On 5/30/23 16:56, Wouter Verhelst wrote:
On Tue, May 30, 2023 at 01:50:59PM +0200, Laszlo Ersek wrote:
> On 5/25/23 15:00, Eric Blake wrote:
>> +struct nbd_structured_reply_block_status_ext_hdr {
>> + uint32_t context_id; /* metadata context ID */
>> + uint32_t count; /* length of following array */
>
> (1) I think that "length of following array" is confusing here. Per
> spec, this is "descriptor count" -- that's clearer. "Length"
could be
> mistaken for "number of bytes".
>
> Also, what was the justification for *not* making "count" uint64_t?
> (Just asking.) I do understand a server is permitted to respond with a
> block status reply that covers less than the requested range, so I
> understand a server, if it needs to, *can* truncate its response for the
> sake of fitting "count" into a uint32_t.
This is, as you say, the number of block descriptor messages we are
going to send to the client. Each such message is at 8 bytes long.
16 bytes, isn't it? (uint64_t length, uint64_t status_flags)
That would mean that by the time you overflow a uint32_t with the
number
of extents that are to be sent, you'll be promising to send 2^32 * 8
(i.e., 2^36) bytes of data, or 32 GiB.
(Or 64 GiB if we agree that sizeof(nbd_block_descriptor_ext)=16.)
But... yes, I'm aware this is exorbitant, practically speaking.
My concern was that "practical considerations" must have been what led
to the original 32-bit-only:
struct nbd_block_descriptor {
uint32_t length; /* length of block */
uint32_t status_flags; /* block type (hole etc) */
} NBD_ATTRIBUTE_PACKED;
which is now proving too restrictive (being the basis for this entire
work, IIUC).
A 2^(32+9) B = 2 TB image is not unthinkable. If the image used 512B
sectors, and sectors alternated between being a hole and being
allocated, then 2^32 extended descriptors would be justified.

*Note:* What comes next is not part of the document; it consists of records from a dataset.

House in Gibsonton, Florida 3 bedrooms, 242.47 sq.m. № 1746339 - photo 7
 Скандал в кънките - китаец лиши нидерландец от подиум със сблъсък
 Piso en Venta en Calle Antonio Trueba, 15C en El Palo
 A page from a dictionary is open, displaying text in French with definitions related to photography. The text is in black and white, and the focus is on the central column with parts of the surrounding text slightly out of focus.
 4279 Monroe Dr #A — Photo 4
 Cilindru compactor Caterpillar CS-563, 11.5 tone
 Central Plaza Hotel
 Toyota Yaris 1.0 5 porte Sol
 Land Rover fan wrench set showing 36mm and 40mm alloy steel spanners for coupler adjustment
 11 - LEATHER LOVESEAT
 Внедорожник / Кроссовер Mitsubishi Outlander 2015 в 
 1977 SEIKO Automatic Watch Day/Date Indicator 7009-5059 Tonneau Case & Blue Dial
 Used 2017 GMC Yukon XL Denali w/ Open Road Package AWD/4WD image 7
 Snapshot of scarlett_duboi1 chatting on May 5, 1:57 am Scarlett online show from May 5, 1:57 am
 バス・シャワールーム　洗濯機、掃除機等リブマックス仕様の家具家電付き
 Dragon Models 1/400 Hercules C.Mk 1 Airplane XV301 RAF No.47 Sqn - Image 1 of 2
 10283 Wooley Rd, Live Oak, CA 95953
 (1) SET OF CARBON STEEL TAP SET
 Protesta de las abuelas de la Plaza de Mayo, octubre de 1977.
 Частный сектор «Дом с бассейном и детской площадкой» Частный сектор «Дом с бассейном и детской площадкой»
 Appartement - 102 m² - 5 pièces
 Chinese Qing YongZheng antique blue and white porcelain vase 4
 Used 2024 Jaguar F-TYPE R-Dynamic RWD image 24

May not be practical, but that's "policy"; the "mechanism" could
still
exist (if it doesn't come with undesirable costs).
That would be a ridiculously amount of data, and no user is going to
wait for a client to finish parsing that amount of data without a hard
reboot of their client.
Over a 10gbit/s connection, transferring 64GB should take on the order
of a minute.
... *parsing* 4.3 billion entries is a different matter, of course ;)
OK!
The only change that would be reasonable here is to reduce the size
of
this field 16 to bits, rather than increasing it (but then we lose
alignment, so that's also not a good idea)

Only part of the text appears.